Se há um aprendizado que eu jamais esquecerei - sendo a próxima ganhadora da megasena ou não - é que a gente chora e sente dor, mas o material é só isso: material. E não falo aqui da vertente espiritualista; falo de comida na mesa dos nossos filhos. Entre ter o que oferecer às minhas meninas no almoço e usar o colar de pérolas da minha avó, não há o que pensar.

Assim, já foram para a panela minhas jóias, meus livros antigos, CDs, DVDs, LPs, revistas em quadrinhos dos anos 70/80, aparelho de som, TVs, uma cama, dois colchões, antiguidades, roupas, sapatos, eletrodomésticos e miudezas sem conta. Hoje, um especialista veio buscar a coleção de moedas do meu avô - pagando, tenho certeza, uma ínfima parte do que ela realmente vale. Mas minhas filhas precisam comer.

E eu fiquei deprimida, claro. Chorei muito e me castiguei devorando um pote de sorvete de dois litros. E foi assim, com a garganta apertada e a boca cheia, que eu li, no blog de uma querida companheira de viagem - na web e na maternidade - que ela acabara de perder a mãe.

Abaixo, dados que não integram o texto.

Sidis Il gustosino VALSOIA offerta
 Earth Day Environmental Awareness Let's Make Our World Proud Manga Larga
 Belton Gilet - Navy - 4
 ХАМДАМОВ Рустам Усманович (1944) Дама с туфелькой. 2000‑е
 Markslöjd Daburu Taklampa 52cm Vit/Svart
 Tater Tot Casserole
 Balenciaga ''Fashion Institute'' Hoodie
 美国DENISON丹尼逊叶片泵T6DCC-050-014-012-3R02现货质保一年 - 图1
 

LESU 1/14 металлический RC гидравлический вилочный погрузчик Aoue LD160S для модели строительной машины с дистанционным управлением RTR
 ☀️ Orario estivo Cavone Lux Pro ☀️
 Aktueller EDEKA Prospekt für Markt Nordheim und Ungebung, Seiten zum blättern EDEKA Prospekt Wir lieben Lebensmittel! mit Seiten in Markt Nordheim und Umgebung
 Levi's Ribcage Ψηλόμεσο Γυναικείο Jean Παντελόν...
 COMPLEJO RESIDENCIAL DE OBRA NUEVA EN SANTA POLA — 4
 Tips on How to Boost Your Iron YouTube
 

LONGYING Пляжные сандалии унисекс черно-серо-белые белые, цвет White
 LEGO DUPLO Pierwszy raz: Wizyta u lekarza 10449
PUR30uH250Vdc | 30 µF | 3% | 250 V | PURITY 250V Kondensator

Nessas horas, então, de nada valem moedas de prata do tempo do Império, pulseiras de ouro branco e platina, uma edição rara dos Lusíadas ou a coleção completa da obra de Billie Holiday.

Não valem nada, não adiantam pra nada, não significam coisa alguma. Não servem pra tapar o rombo imenso e dolorido que a gente sente quando alguém foi-se e nada podemos fazer.

Eu não sei o que dizer, Angélica. Aliás, comecei a escrever qualquer coisa nesse post pensando ainda como dizer o quanto eu sinto - e o quanto essa frase ("Eu sinto muito") é vazia. Eu sempre explico às meninas a cadeia natural da vida - vão-se os avós, depois os pais e então elas mesmas, mas aí elas já terão seus próprios netos para repetir a seqüência. Sua mãe conheceu sua filha - assim como minhas pequenas conheceram os avós, e por isso eu me regozijo. Mas sei que nada disso aplaca a dor ou dá importância ao que está à nossa volta. Nesse mar de escuridão fria que nos envolve, apenas uma luzinha mostra o caminho para voltar: nossos filhos.

Então, querida, que Joana ilumine sua volta. Estamos aqui, afinal de contas, por causa deles. E, provavelmente, sua mãe sabia disso. Todas as mães sabem.

Um comentário:

Anônimo disse...

Cheguei. E que notícia triste. É a Angélica do Bocozices, só pode. O que você disse é a mais pura verdade. São apenas coisas. Eu trouxe duas coisas pra você. Te enviarei assim que puder. Não são bonecas. Todas eram feias e não lembravam Cuba. Pareciam mais as baianas tradicionais de Salvador. Fique bem, queriducha. Sorvete faz parte da vida da gente.